---------- COLLECTED DATA

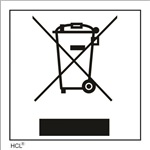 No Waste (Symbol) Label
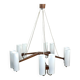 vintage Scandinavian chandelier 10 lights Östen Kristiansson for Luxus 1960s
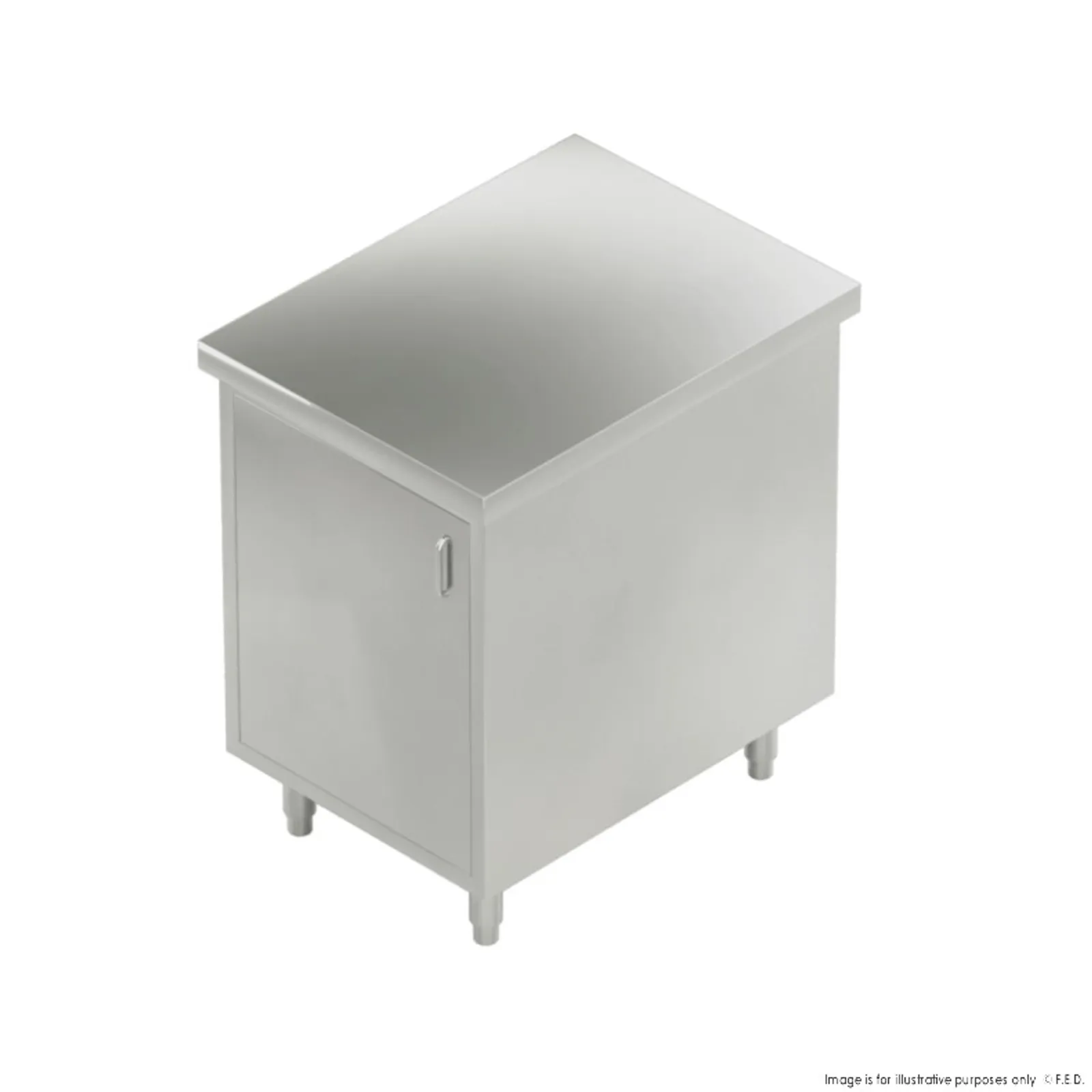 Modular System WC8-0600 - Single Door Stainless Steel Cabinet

--------------------

» REQUIREMENT
Take the line with "vintage Scandinavian chandelier" and every line after it through the end of the data, and write only them out exactly, leaving out the pictures.

» RESPONSE BOX
 vintage Scandinavian chandelier 10 lights Östen Kristiansson for Luxus 1960s
 Modular System WC8-0600 - Single Door Stainless Steel Cabinet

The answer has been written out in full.